POV-Ray : Newsgroups : povray.off-topic : Standard libraries : Re: Standard libraries Server Time
9 Oct 2024 17:42:57 EDT (-0400)
  Re: Standard libraries  
From: Darren New
Date: 8 Mar 2009 00:09:20
Message: <49b35300$1@news.povray.org>
Warp wrote:
>   You still know that I get trolled when someone writes such mocking words
> about C++ as you have done.

You know, I took a couple hours away, then went back and looked at what I'd 
typed. I think if you look at my initial posts here objectively, you'll see 
they weren't mocking, as almost all of it was asking questions about the 
implementation.

What I failed to do was describe the mental process that caused me to ask 
the kinds of apparently-silly questions I was asking. I thought

(( Wow, C++ is getting lambdas. I guess they're standardizing Boost, which 
is ugly. )) "I bet it'll be ugly."

(( No, it actually *looks* not too bad. But I wonder how they implement it, 
then. That's a mess behind the scenes in C#, and in pretty much every 
language I know that keeps variables on the machine stack, so I wonder how 
they're doing closures. I wonder how the closed-over variables survive the 
destruction of the stack frame. ))

"Can you return lambda values from a function?"  (( Because if not, then you 
don't have to worry about the stack frame not being there. Oh, but I'm told 
you can. Cool. Maybe it's going to copy the values from the stack into a 
heap-allocated object. But how would it GC the heap-allocated object, if 
multiple lambdas point to it? Maybe it's doing reference counting. But that 
doesn't work, if you get circular references, which you can't get if you 
can't assign to a variable except a new variable. ))
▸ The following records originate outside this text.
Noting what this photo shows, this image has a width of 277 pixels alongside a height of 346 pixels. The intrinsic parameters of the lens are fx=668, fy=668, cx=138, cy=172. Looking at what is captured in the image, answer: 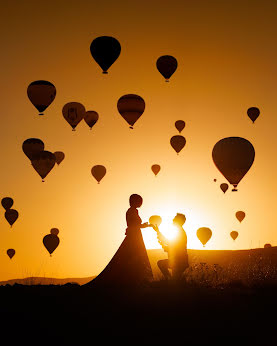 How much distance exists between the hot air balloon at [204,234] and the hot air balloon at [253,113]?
1500cm

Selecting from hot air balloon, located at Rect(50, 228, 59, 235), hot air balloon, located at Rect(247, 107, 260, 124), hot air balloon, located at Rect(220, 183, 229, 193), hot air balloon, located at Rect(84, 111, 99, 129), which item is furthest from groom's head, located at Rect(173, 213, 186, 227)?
hot air balloon, located at Rect(50, 228, 59, 235)

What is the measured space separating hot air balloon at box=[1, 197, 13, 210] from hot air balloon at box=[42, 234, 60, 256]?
360cm

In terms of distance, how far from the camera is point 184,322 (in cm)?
1276

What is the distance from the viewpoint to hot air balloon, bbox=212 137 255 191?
32094mm

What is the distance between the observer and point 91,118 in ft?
132

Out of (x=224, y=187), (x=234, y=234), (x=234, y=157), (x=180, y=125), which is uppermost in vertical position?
(x=180, y=125)

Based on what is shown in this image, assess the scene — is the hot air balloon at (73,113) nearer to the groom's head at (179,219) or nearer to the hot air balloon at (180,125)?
the hot air balloon at (180,125)

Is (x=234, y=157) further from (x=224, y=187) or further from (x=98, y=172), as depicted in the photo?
(x=224, y=187)

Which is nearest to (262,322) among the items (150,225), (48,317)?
(48,317)

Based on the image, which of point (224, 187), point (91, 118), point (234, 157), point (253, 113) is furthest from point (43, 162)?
point (224, 187)

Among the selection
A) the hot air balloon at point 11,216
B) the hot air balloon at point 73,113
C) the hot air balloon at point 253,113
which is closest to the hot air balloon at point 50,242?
the hot air balloon at point 11,216

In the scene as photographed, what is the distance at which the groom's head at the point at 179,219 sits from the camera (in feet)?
54.3

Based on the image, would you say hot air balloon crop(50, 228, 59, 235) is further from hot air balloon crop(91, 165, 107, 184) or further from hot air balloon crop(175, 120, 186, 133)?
hot air balloon crop(175, 120, 186, 133)

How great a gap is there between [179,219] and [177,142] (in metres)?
27.5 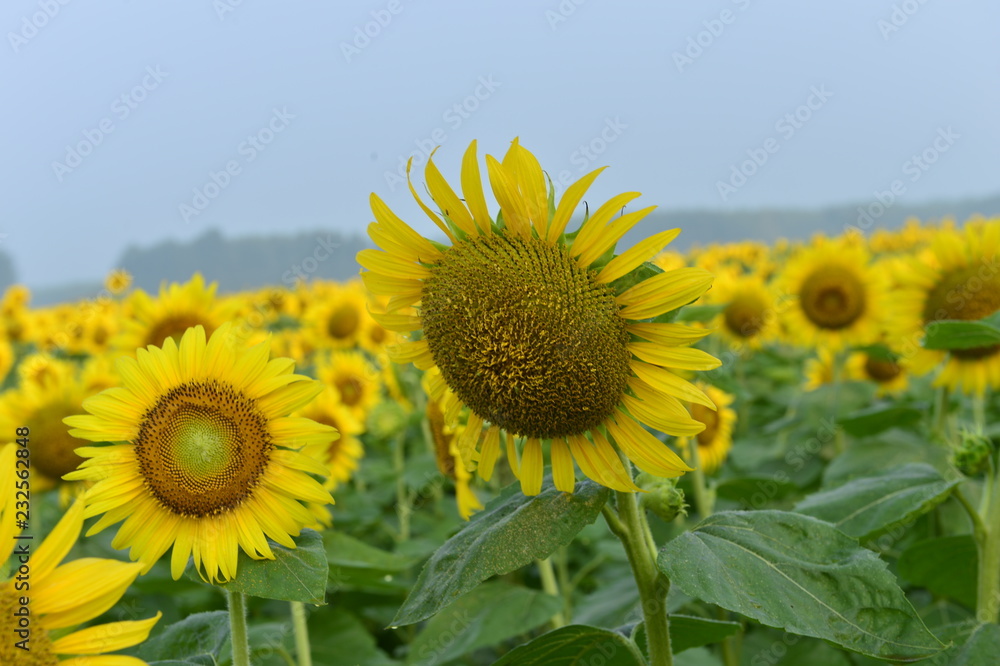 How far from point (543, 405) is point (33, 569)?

"Can you assign it to a variable?"  (( Oh, you can do that too. Wow, that's 
really impressive. I can't imagine what they're doing to make closures work.))

"Thanks for the link to wikipedia."  (( Oh, wikipedia says you just randomly 
get hosed if you try to actually use values you thought you closed over when 
you created the lambda, unlike every other language that ever implemented 
the feature called 'lambda expressions'. ))

"Gee, C++ lambdas sure suck compared to everyone else's that actually 
manages to create a closure from lambdas."  (( I wonder what it could be 
useful for, since I can't think of a reason I'd use a lambda that I couldn't 
return from the function in which I created it. ))

"Why not just use a for loop?"  (( Oh, I see. I wasn't thinking like that, 
because I was still thinking in terms of lambdas rather than in terms of 
downward funargs. ))

I can see how if I didn't make clear why I was asking the questions, you 
might leap to the conclusion (perhaps justifiably) that I was simply looking 
for the flaws in order to criticize C++.  In reality, I was looking for the 
flaw in my mental model of how C++ handles memory that would allow the 
memory for the closure to be collected only after the lambda has been 
collected. Or, given that I'm pretty sure I understand how C++ works its 
memory model, I was looking for the cool impressive clever mechanism that 
would let the closure get allocated in a way that would work.

-- 
   Darren New, San Diego CA, USA (PST)
   My fortune cookie said, "You will soon be
   unable to read this, even at arm's length."